Hässliche Schmierereien oder Kunst? Die Meinungen über Graffitis sind zwiegespalten. Dabei gibt es einen großen Unterschied zwischen den Kritzeleien vieler Jugendlicher und aufwendig ausgearbeiteten Kunstwerken. Zwei junge Graffitikünstler sehen das auch so und finden, dass die Schmierereien mit Graffitikunst nicht wirklich was zu tun haben. Heute wollen die beiden ihre Orte zeigen, wo sie sich bereits ausgetobt haben. Und möchten dabei anonym bleiben. Verständlich. Ist ja nicht immer legal die Sache.

Kunst aus der Dose

Nach einiger Zeit im Auto und mehrmaligem falschen Abbiegen ist der „Tatort“ erreicht. Die Jungs zeigen stolz das große Graffiti an einer Mauer unterhalb der Schnellstraße Meran-Bozen. Dafür konnten sie sich Zeit lassen, denn es ist eines der legalen Graffitis der beiden Künstler. Zusammen mit einem Freund (der für den Mops verantwortlich ist) haben sie es an die Wand gebracht. Dass die beiden am liebsten Schriften aufmalen, zeigt sich sofort auf der großen, grün angesprayten Mauer. „Die Buchstaben sollen Schwung haben“, sagt der 18-Jährige, der sich Beow nennt. Das hätten viele der Sprayer aber nicht drauf. Der Stil der beiden erinnert an den sogenannten „Wildstyle“. Diese Graffitiart ist sehr aufwendig und deshalb für die Outsider der Szene, aber auch für die meisten in der Szene unlesbar. Neben dieser Technik gibt es noch unzählige mehr, wie realistische Graffitis, 3D oder Stencils, welche mithilfe von Schablonen aufgesprüht werden. Wie auf jedem Kunstwerk verewigten sich die Freunde auch hier mit ihrem Namen. Nicht mit dem richtigen, das ist klar. In der Graffitiszene sind sie unter den Namen Ebos und Beow bekannt. Sie gehören zu einer Gruppe von Sprayern, die sich 192 nennt. Wenn man in Bozen die Augen offen hält, kann man die Zahl an so mancher Mauer sehen.
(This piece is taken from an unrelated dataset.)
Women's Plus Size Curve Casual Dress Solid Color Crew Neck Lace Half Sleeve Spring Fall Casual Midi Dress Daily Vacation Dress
Es geht weiter zu einem anderen Graffiti, das die beiden zeigen wollen. Es ist riesig, illegal und befindet sich in einem langen Tunnel. Mehrere Freunde haben mitgeholfen ihn zu verschönern und etwas bunter zu machen. Leider macht der hohe Wasserpegel einen Strich durch die Rechnung. Der Eingang ist überflutet. Ebos, der übrigens schon in Schweden gesprüht hat, nutzt die Gelegenheit um sich mit einem Textmarker auszutoben. Schließlich war der Weg hierhin weit und nicht gerade einfach. Wieder die Zahl 192. Dann zücken die Jungs die Farbdosen, die in der Szene auch als Can bezeichnet werden. Bekleidet mit Kapuzenpullover und Basecap stehen sie vor der abgelegenen Mauer. Der erste Sprühnebel fliegt auf das kahle Grau. Mit fließenden Bewegungen nimmt der neue Schriftzug immer mehr Form an. Bis die Konturen fertig sind dauert es etwa drei Stunden. Das Ausmalen noch einmal genauso lange. Beow und Ebos sind geübt in der Streetart, kennen viele andere Künstler aus Südtirol und Deutschland und haben ihre eigene Facebookseite, deren Namen sie aber nicht verraten wollen. Auch ihren Lieblingssprayort halten sie lieber geheim: „Sonst könnte man uns ja finden“, sagen die beiden und lachen.

Legale und illegal

Es gibt mehrere Projekte, die den Graffitikünstlern leeren Raum geben, um sich zu entfalten und um sie weg vom illegalen Sprayen zu bringen. MurArte gibt Graffitikünstlern etwa die Möglichkeit, sich legal auf eigens dafür vorgesehenen Wänden in Bozen auszuleben. Organisiert von der Stadt Bozen um verschiedene Stadtviertel zu verschönern und die Kreativität der Jugendlichen zu fördern, kommt das Projekt auf allen Seiten gut an. Unter dem Motto „Von der Straße ins Museum“ organisierte MurArte dieses Jahr das „Cans in Frames“, also Spraydosen in Bilderrahmen. Die Kunst von der Straße konnte so für einige Zeit als Ausstellung im Museion bewundert werden.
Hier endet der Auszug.